Entries shown
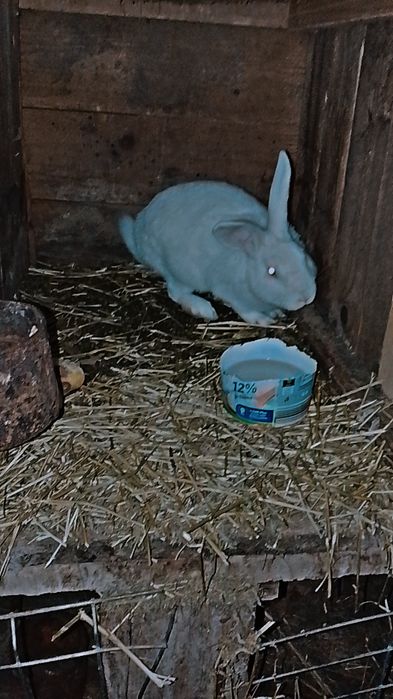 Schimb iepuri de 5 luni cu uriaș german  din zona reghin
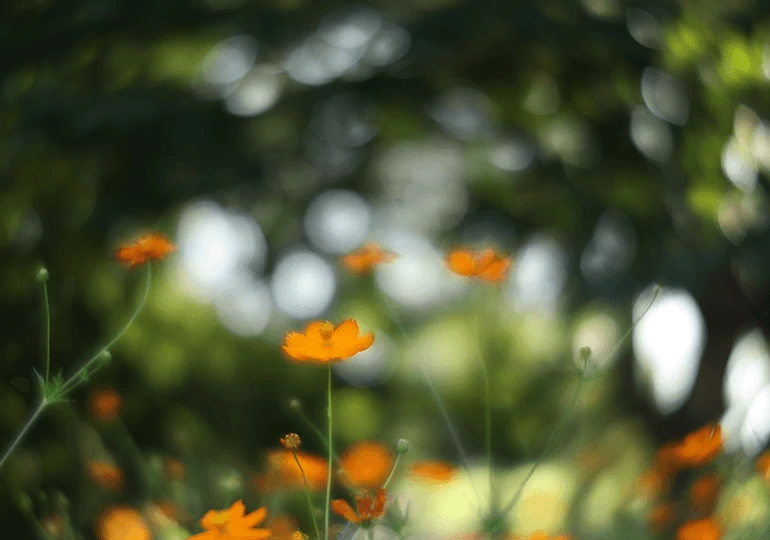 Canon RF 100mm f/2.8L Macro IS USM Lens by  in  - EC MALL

---

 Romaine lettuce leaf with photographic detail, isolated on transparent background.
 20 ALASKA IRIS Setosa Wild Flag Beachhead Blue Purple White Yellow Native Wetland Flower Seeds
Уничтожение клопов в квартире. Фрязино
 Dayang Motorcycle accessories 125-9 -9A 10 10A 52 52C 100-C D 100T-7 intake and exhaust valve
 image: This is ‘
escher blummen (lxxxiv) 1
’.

==

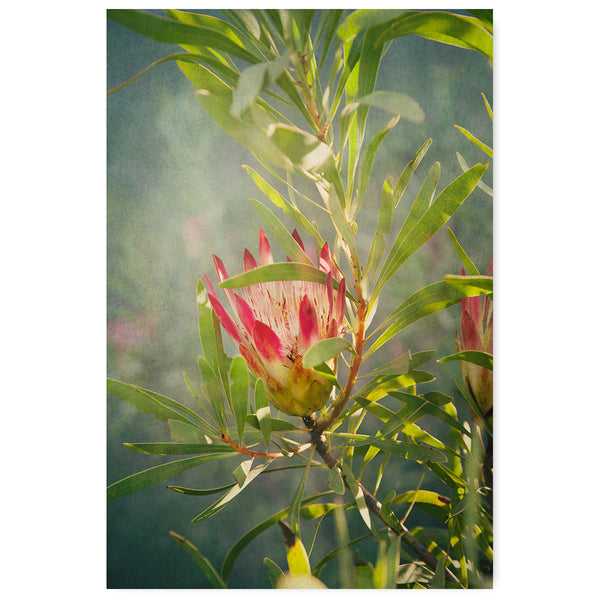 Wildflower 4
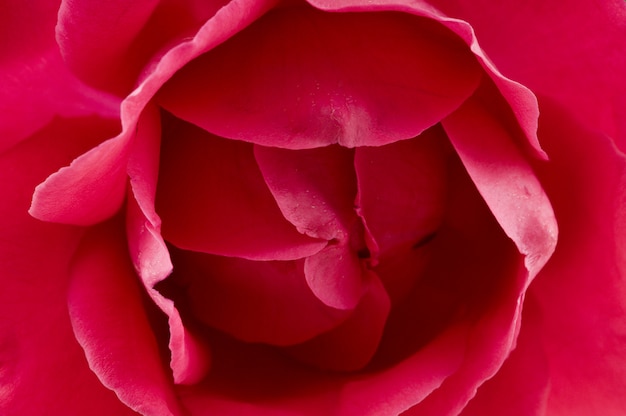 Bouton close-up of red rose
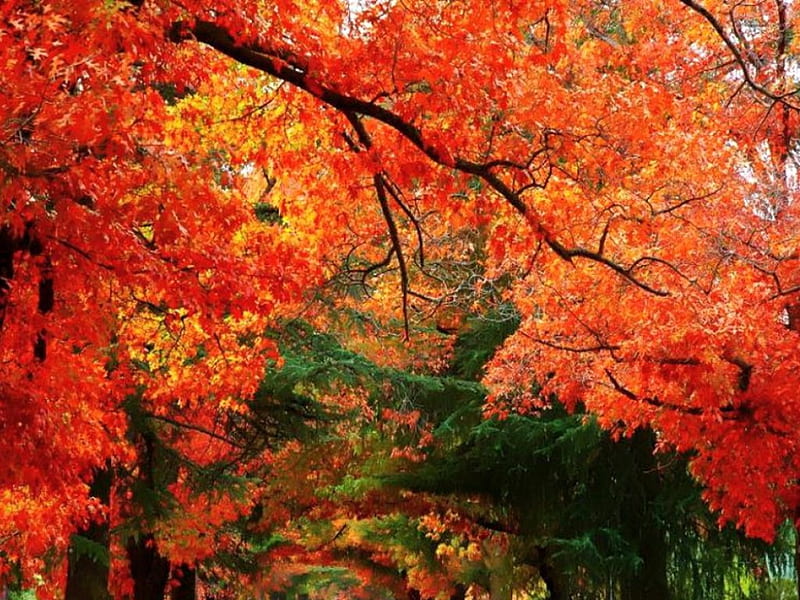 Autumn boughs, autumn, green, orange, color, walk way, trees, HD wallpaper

Task objective
Copy only the lines above from the one containing "Schimb iepuri de" through the one containing "Canon RF 100mm", both included. Leave out the pictures.

Completed exercise
 Schimb iepuri de 5 luni cu uriaș german  din zona reghin
 Canon RF 100mm f/2.8L Macro IS USM Lens by  in  - EC MALL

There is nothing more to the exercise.